Question

What is the equation of the straight line which passes through (3, 4) and the sum of whose x-intercept and y-intercept is 14 ?

(a) 4x + 3y = 24 

(b) x + y = 14 

(c) 4x – 3y = 0 

(d) 3x + 4y = 25

Answer 1

(a) 4x + 3y = 24 

Let the x-intercept = a.

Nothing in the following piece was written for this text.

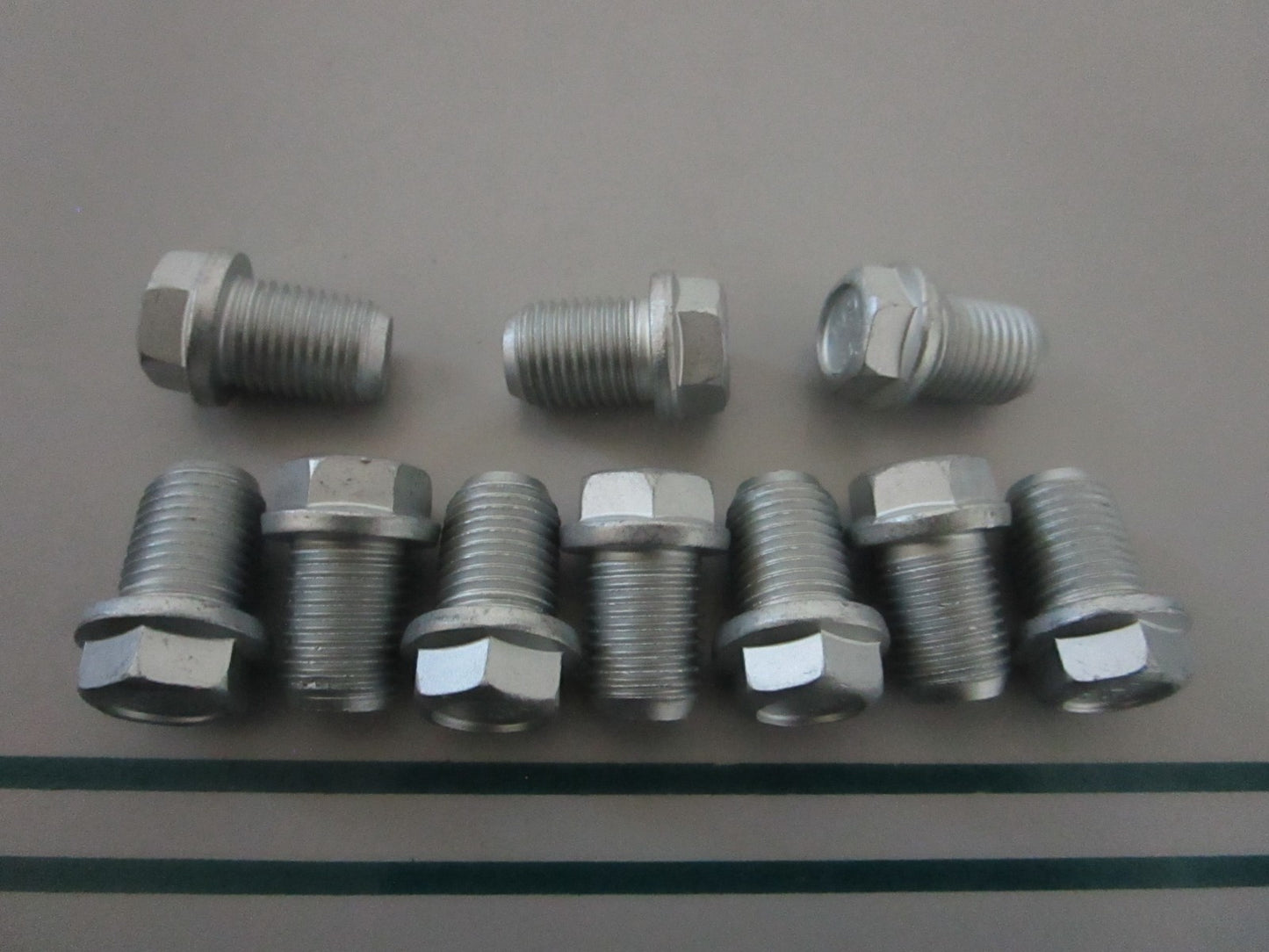 NEW OEM (LOT OF 10) 250000359 Can-Am Hex Flange Screw 0810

Then, y-intercept = 14 – a 

∴ Eqn of the straight line is \(\frac{x}{a}\) + \(\frac{y}{14-a}\) = 1

Since it passes through (3, 4), so

\(\frac{3}{a}\) + \(\frac{4}{14-a}\) = 1

⇒ 3(14 – a) + 4a = a (14 – a) 

⇒ 42 – 3a + 4a = 14a – a² 

⇒ a² – 13a + 42 = 0 

⇒ (a – 7) (a – 6) = 0 ⇒ a = 7 or 6. 

∴ Eqn is \(\frac{x}{7}\) + \(\frac{y}{7}\) = 1 ⇒ x + y = 7

or \(\frac{x}{6}\) + \(\frac{y}{8}\) = 1 ⇒ 8x + 6y = 48 ⇒ 4x + 3y = 24.